Ask any modern husband “Who does most of the work around the house?” and they will say “it’s about 50/50.”

That husband is either lying, or he has never asked his wife about it.

I’ve said “it’s 50/50” and thought I was telling the truth.  I was WAAAAAAY off.

My wife is the glue that holds our family and sanity together.  She handles the finances, the home, the bulk of the cleaning and shopping, keeps track of the kids and school, drives them around, AND she works with me every morning to put on the Mikey & The Mrs Show.   In other words, she's the BEST.

Me, Bonnie, and the children I don't know how to raise without her
Me, Bonnie, and the children I don't know how to raise without her

So when she left town to visit family for a few days, I became painfully aware of the things I've been ignoring.

Here is a list of eye-opening experiences I've had while my wife was out of town.

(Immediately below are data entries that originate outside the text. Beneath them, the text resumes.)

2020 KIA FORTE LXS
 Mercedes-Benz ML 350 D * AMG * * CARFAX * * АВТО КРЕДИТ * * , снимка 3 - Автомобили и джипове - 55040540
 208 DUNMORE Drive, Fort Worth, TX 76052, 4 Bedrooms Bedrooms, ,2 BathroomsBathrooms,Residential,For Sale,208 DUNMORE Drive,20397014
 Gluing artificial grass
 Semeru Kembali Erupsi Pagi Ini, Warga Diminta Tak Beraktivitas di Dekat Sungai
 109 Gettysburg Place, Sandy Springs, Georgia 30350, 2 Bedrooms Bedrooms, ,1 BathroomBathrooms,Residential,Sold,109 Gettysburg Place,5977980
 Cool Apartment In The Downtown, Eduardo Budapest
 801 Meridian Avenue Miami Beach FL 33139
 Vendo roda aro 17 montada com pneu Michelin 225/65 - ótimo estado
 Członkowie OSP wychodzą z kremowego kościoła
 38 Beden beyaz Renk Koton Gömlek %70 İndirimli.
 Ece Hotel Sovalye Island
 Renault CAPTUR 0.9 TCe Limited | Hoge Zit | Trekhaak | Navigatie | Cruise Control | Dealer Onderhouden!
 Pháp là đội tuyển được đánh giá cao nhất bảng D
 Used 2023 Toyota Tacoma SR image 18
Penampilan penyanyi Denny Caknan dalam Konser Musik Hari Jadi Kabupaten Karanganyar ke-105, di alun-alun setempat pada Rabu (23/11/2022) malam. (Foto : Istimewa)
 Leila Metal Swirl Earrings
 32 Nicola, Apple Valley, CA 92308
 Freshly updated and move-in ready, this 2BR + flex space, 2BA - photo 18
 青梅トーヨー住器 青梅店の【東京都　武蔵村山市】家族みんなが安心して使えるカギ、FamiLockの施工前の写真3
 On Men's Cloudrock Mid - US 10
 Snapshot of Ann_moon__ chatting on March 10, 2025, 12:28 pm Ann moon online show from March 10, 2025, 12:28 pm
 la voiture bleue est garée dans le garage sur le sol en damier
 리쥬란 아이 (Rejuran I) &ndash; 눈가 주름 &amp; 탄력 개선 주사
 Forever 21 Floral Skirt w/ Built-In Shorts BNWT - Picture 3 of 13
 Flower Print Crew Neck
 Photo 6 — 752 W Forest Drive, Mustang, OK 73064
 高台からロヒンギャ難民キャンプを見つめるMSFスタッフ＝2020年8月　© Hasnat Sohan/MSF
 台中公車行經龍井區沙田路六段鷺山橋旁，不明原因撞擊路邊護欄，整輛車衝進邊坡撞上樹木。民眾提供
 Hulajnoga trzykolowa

  1. "Your socks don't go there" needs to be repeated much more often than you'd think.
  2. I Had to explain to my young daughter that “because the actor is hot” is not a valid reason for me to let her watch a R-rated movie.
  3. Math homework is harder than you remember it.
  4. I now know more about ONE DIRECTION than any 43 year old man should.
  5. One kid could not find her shoe. This triggered a mental breakdown that I haven't seen since THE SHINING.
  6. I can't even order a burrito at Costa Vida without texting my wife a question about it.
  7. I Had to explain to my kid that microwave popcorn is not breakfast.
  8. With my wife gone, I could watch whatever I want. I was lost. I just flipped through the Netflix menu for an hour and fell asleep.
  9. I found the dog doesn't like me that much. She is only around me when I'm around my wife. Man's best friend my butt.
  10. I tried to style my daughter's hair, and now her teacher probably thinks we're homeless.
  11. I Showed my kid the new Indiana Jones Trailer.  He said “who’s Indiana Jones?” I then started googling nursing homes in St. George.
  12. My teen daughter asked me if she should respond to a 26 year old guy on the internet.  No.  No you should not. And we should be Amish now.
  13. Kids need to be driven everywhere, all the time, and have to be picked up afterwards. It's the worst.  No wonder people complain about gas prices.  It's like being an Uber driver without the tips or the drunk celebrities.
Mikey & The Mrs
My wife, the dog, and their 3rd wheel.

Moral of the story: 50/50 is harder than you might think.  Talk about it with your partner.  If he/she is struggling, find a way to lighten their load.

Now if you'll excuse me, I have some "How to style girls hair" videos to watch on YouTube.